Antiretroviral Therapy Suppresses RNA N6-Methyladenosine Modification in Peripheral Blood Mononuclear Cells from HIV-1-Infected Individuals

AIDS Res Hum Retroviruses. 2024 May 23. doi: 10.1089/AID.2024.0003. Online ahead of print.


RNA N6-methyladenosine (m6A) modification is important for regulating gene expression and innate immune responses to viral infection. HIV-1 in vitro infection induces a significant increase in m6A modification of cellular RNA; however, whether m6A levels of cellular RNA are affected by HIV-1 replication or by antiretroviral therapy (ART) in infected individuals remains unknown. Using dot blot or enzyme-linked immunosorbent assay, we measured RNA m6A levels of peripheral blood mononuclear cells (PBMCs) from healthy donors or HIV-1-infected individuals with or without ART. Using a reverse transcription-quantitative polymerase chain reaction array, we quantified expression levels of 84 type-I interferon (IFN-I)-responsive genes in PBMCs from some individuals of these three groups.

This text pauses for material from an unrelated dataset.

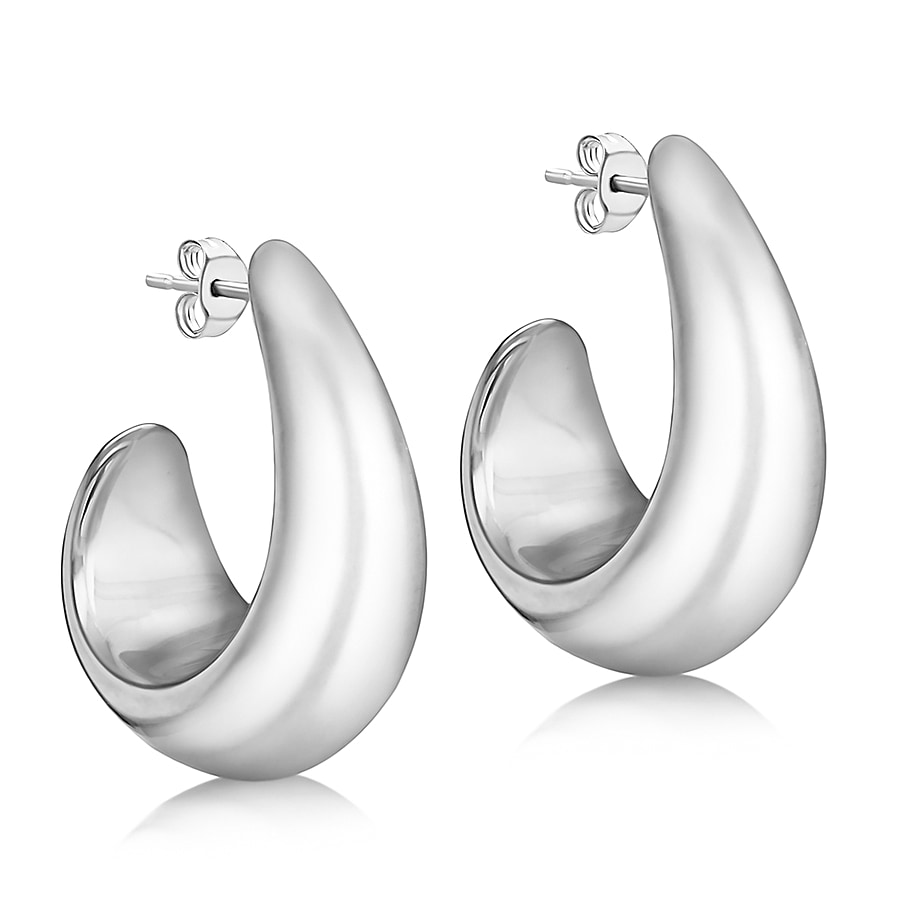 High Finish Sterling Silver Graduated Curl Electroform Earrings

RNA m6A levels in PBMCs from HIV-1 viremic patients (n = 10) were significantly higher (p ≤ .0001) compared with ART-treated individuals (n = 22) or 1.5-fold higher compared with healthy donors (n = 14). However, the increase in RNA m6A levels did not correlate with changes in the expression of 10 m6A-regulatory genes. We found significant upregulation and downregulation in the expression of several IFN-I-responsive genes from HIV-1 viremic patients (n = 4) and ART-treated patients (n = 6) compared with healthy donors (n = 5), respectively. Our results suggest that post-transcriptional m6A modification may contribute to the regulation of IFN-I-responsive gene expression during HIV-1 infection and ART.

Keywords: HIV-1 infection; N6-methyladenosine; RNA modification; antiretroviral therapy; peripheral blood mononuclear cells; type-I interferon-responsive genes.